[Data provided Boundary: Start]

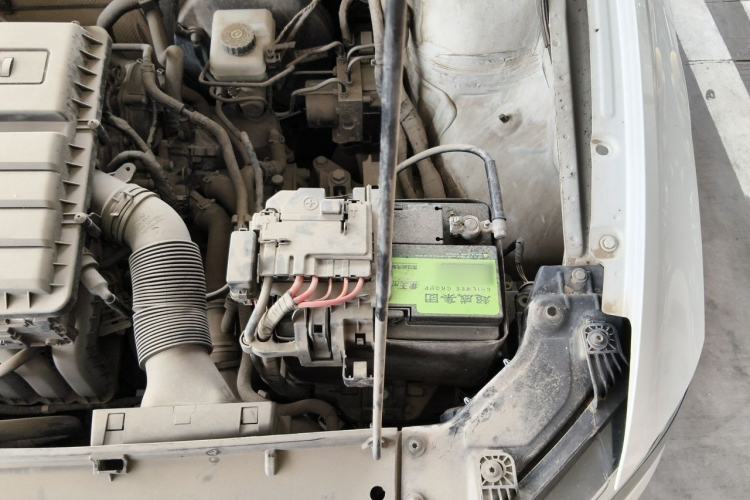 Used Volkswagen Bora 2018 1.5L Automatic Fashion Model Engine Bay Left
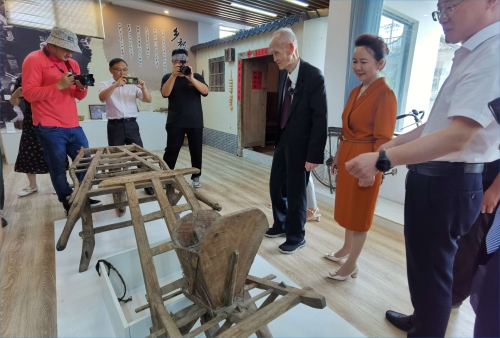 88岁台湾老兵送战友,山东籍台湾老兵带战友骨灰回大陆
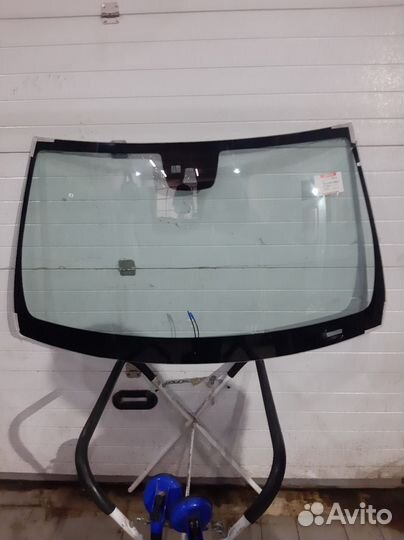 Лобовое стекло Mercedes w212 Мерседес 212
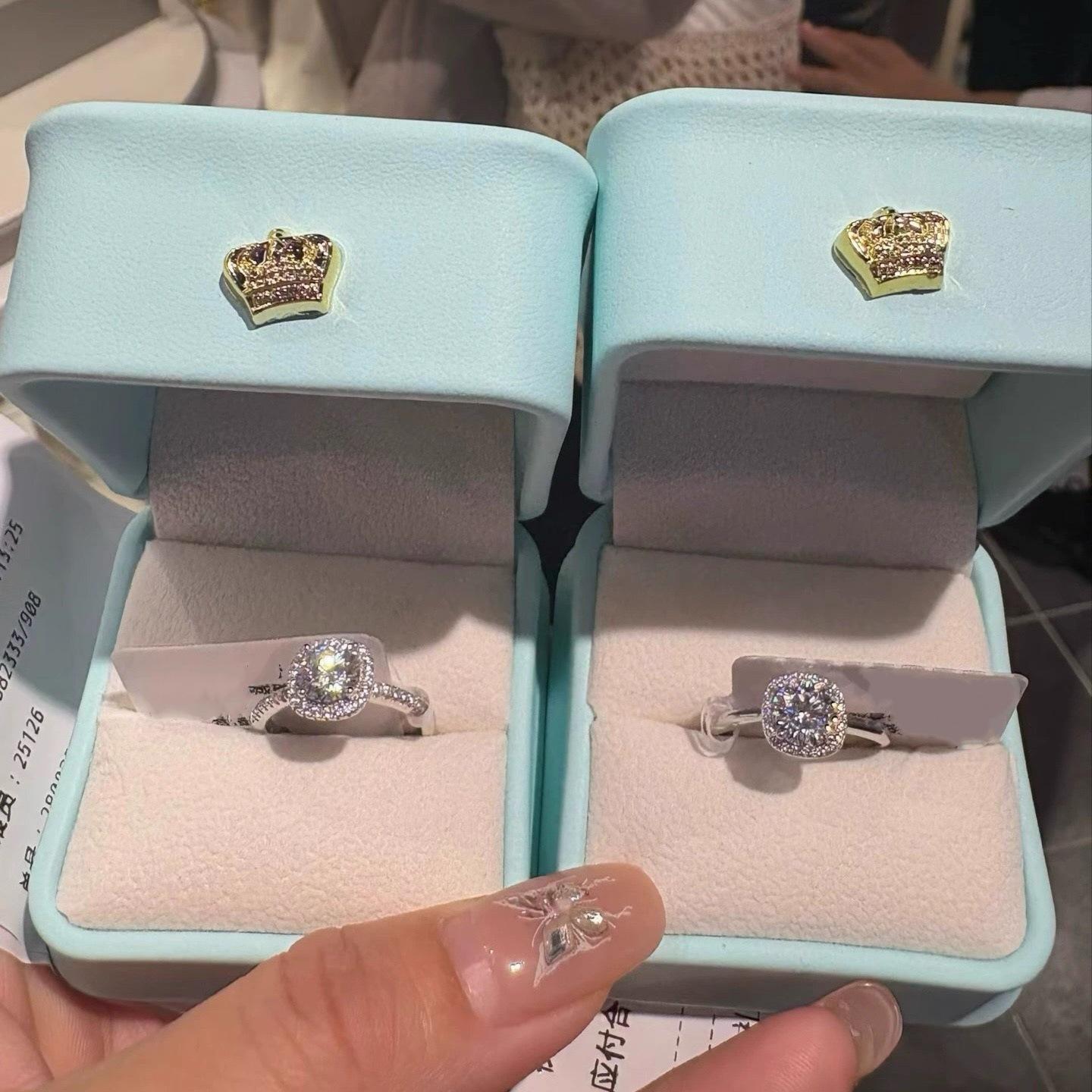 Women’s Square Sugar Ring | Moissanite Inlaid Statement Band | Light Luxury Minimalist Fashion Ring for Daily & Gift toe Retro Goku Black Adjustable cover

[Data provided Boundary: End]

#### Exercise brief
Output the data above without changes, apart from leaving out the pictures.

#### Reply to the task
 Used Volkswagen Bora 2018 1.5L Automatic Fashion Model Engine Bay Left
 88岁台湾老兵送战友,山东籍台湾老兵带战友骨灰回大陆
 Лобовое стекло Mercedes w212 Мерседес 212
 Women’s Square Sugar Ring | Moissanite Inlaid Statement Band | Light Luxury Minimalist Fashion Ring for Daily & Gift toe Retro Goku Black Adjustable cover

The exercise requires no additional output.